Auto Update Statistics & Auto Create Statistics
-
Posted on September 19, 2011 by Derek Dieter
-
1
The ability to create and update statistics is a crucial liberty for the query optimizer. The optimizer needs to know how it is going to query underlying tables, and when the statistics do not match the data, it is very probable that it will choose a non-efficient method for querying.
I’ve seen and heard a lot of debate from DBA’s who think they should turn this off. Of all those DBA’s I think there is one who was correct, and he ended up convincing me of his scenario so I’m not as closed minded as I was before. His server was so bottle-necked during peak time, that he updated the stats off hours. I’m very weary of those who blindly say “it’s better to turn it off” without any factual statistics to back them up. Most of the DBA’s that think they should turn it off are stuck in the SQL Server 7.0 days. At that time, turning this feature off was acceptable because they interfered with the currently running queries.
Example
Case in point, we had a DBA who did turn this feature off in an environment that mirrored production. I overheard the developers complaining how their queries took twice as long on this box. Looking at perfmon, I saw no physical bottlenecks. Since this was the case, I turned to statistics and found both auto update and auto create turned off. After turning it back on, the box was just as fast as production.

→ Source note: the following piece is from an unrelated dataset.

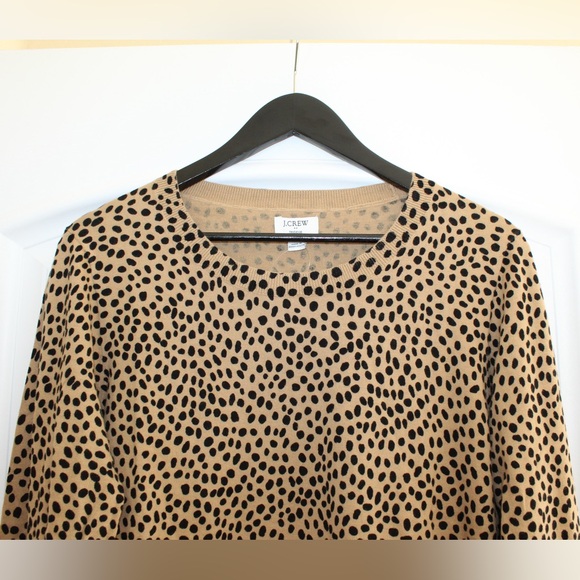 J. Crew cheetah print sweater (women’s XXL) (NWT) - Picture 6 of 13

Long story short, these options control the one link between the optimizer and the underlying data. If you turn these off, then the very statistics that the optimizer uses to query the data will not be created or updated when needed. You will basically be taking away the optimizer’s reading glasses and turning off the light in it’s room. It will not be able to read anything accurately.
Exceptions
On the other hand, if your server is pegged at 85% CPU, and you’ve done all the optimization’s you can to speed it up, (indexes, stored procedures, memory increases) and you have a plan for updating the statistics in off hours AND you are frequently looking at updating missing indexes when necessary AND your system is mostly read-only (not insert or update intensive).. Then I suppose you can start considering it. But it should be the last leg of consideration in my opinion. And I would not turn off both of them at first. I would probably only turn off the Auto Create Statistics first, and leave the update; unless you have a high number of ad-hoc queries coming in and not much data gets updated.
So, as a summary (and if you didn’t read my long run-on sentence above):
- Your CPU is constantly pegged over 90% and you have thoroughly exhausted all optimizations
- Your system weighs heavily on the read-only side (not many inserts / updates)

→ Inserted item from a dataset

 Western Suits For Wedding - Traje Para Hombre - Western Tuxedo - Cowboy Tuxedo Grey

- When monitoring traces, you see that statman is taking a lot of resources that pushes you over the bottleneck
- All queries running against the database are pre-defined (i.e. stored procedures) not many ad-hoc
- You have a clear maintenance window to update stats – either nightly (preferred) or at least once a week
- You thoroughly understand the need for statistics and really do not want to turn it off
I hope this helps, good luck with your statistical decisions. 🙂
- Comments (RSS)
- Trackback
- Permalink
I turn auto update statistics off on my server due to the fact we have super large tables. On very large tables SQL Server uses a very poor sample rate and the stats will most likely be skewed leading to poorly performing queries.

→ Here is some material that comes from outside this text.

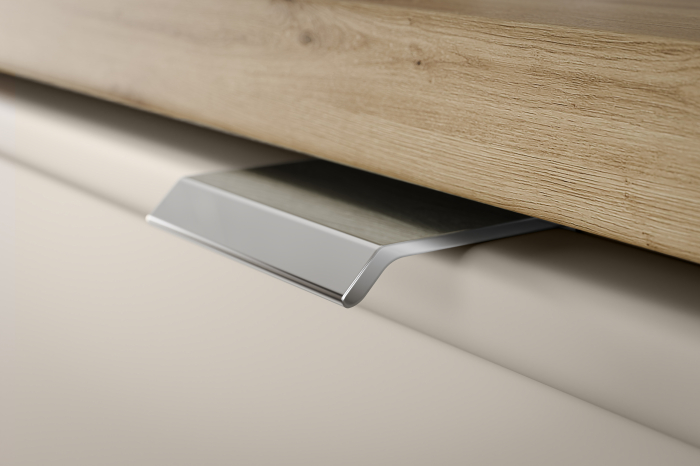 Set mobilier baie 120 cm, cu blat, finisaj Bella Cashmere, COMAD [9]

In my opinion you may ONLY turn off auto update stats when:
a) You know exactly what you are doing
b) You have a system in place to keep statistics maintained
what if there are some particularly big tables which take hours and hours to run during the weekly maintenance (checkdb, then reindex above a certain fragmentation level, then update stats where last update > 24 hours ago) job, and are still running and causing user issues at the start of the business day? auto create and update are on btw.
every article i can see is only concerned when apps run slowly due to outdated statistics.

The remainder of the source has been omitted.